Segundo uma pesquisa da Sociedade Internacional de Cirurgia Plástica, o Brasil lidera o ranking de cirurgias plásticas estéticas no mundo, dado que não é, por si só, assustador. Mas que, somado às celebridades irreconhecíveis após inúmeros procedimentos estéticos, aos baixos estoques de canetas emagrecedoras e às propagandas constantes sobre o novo preenchimento da moda, revela uma busca que não é necessariamente por autoestima, mas por perfeição.
Na era das harmonizações faciais, é possível mexer no nosso rosto como se, ao contrário de humanos, nossa pele e nossas expressões fossem parte de uma experiência. Ou, no meu imaginário de uma criança dos anos 2000, de um jogo de The Sims.

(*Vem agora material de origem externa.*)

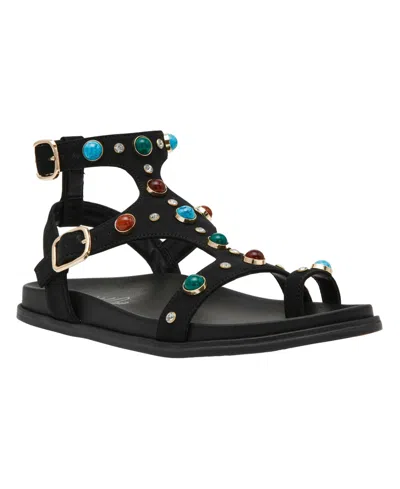 Wild Pair Women's Merriie Flat Sandals, Macy's Exclusive In Black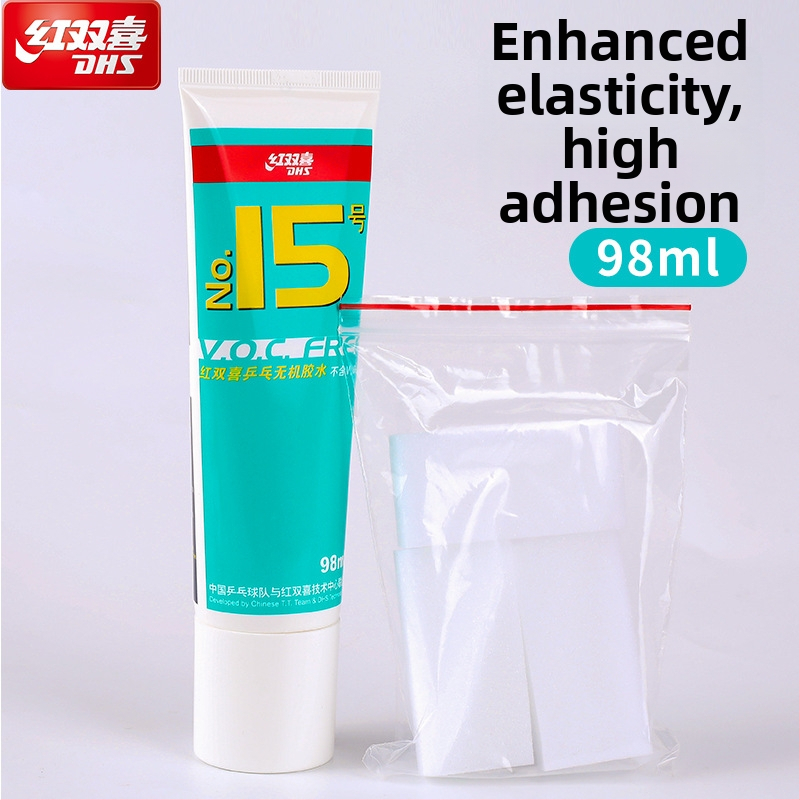 Galda tenisa līme - neorganisks līmēšanas līdzeklis gumām, 50 ml, DHS (Double Happiness)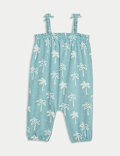 Pure Cotton Palm Romper (0-3 Yrs)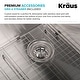 preview thumbnail 14 of 13, KRAUS Stark 33-inch Undermount Drop-in Kitchen Sink Pulldown Faucet Combo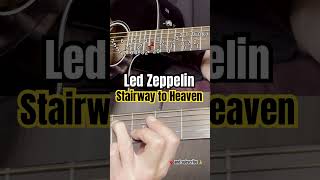 Led Zeppelin  Stairway to Heaven introduction guitar lesson [upl. by Suinuj]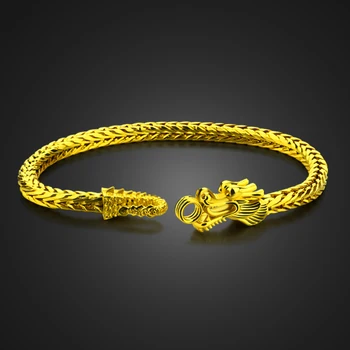 

Men Jewelry bracelet 100% 925 Sterling Silver 5mm wide 2cm golden thick fine fashion bracelet Pulseiras Prata male modle Bijoux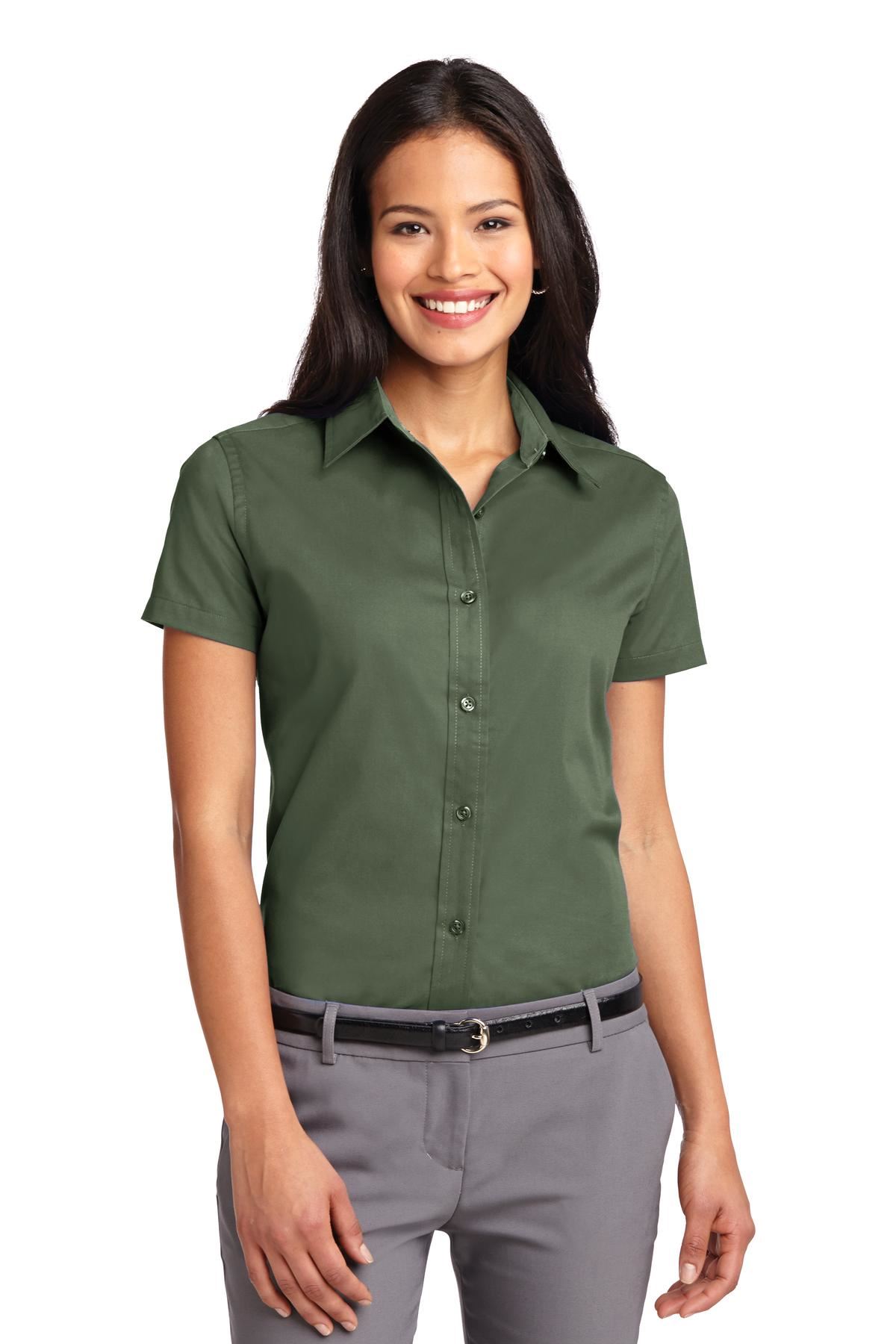 Port Authority Womens Short Sleeve Wrinkle Resistant Easy Care Collar Shirt L508 - Picture 7 of 38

O céu é o limite e fica mesmo difícil saber quando parar de jogar. Só mais alguns ml de ácido hialurônico e voilà! Você está a cara da Angelina Jolie. Uma micropigmentação a mais e somos todas a Malu Mader nos anos noventa. É cada dia mais fácil ser perfeita. Cada dia mais difícil sermos nós mesmas.
Não sou imune a nada disso. Mas, no meio do caminho, consigo entender que há (também) beleza em sermos parecidos com nós mesmos e em carregar não as linhas perfeitas e simétricas advindas de um bisturi, mas aquelas absolutamente únicas e próprias das gerações anteriores.
Sabe aquele nariz diferente, que você e sua família fazem piada, mas que ajuda vocês a se reconhecerem enquanto donos do mesmo sobrenome? Não há cirurgião capaz de reproduzir nada assim.
Querer estar bem é válido - e que bom que temos meios para isso. Mas entre enxergar simetria e enxergar as mulheres que vieram antes de mim, vou continuar escolhendo cada uma delas e tenho certeza que os netos do Sr. Oswaldo vão amar, um dia, se enxergar bigodudos e parecidos com o avô.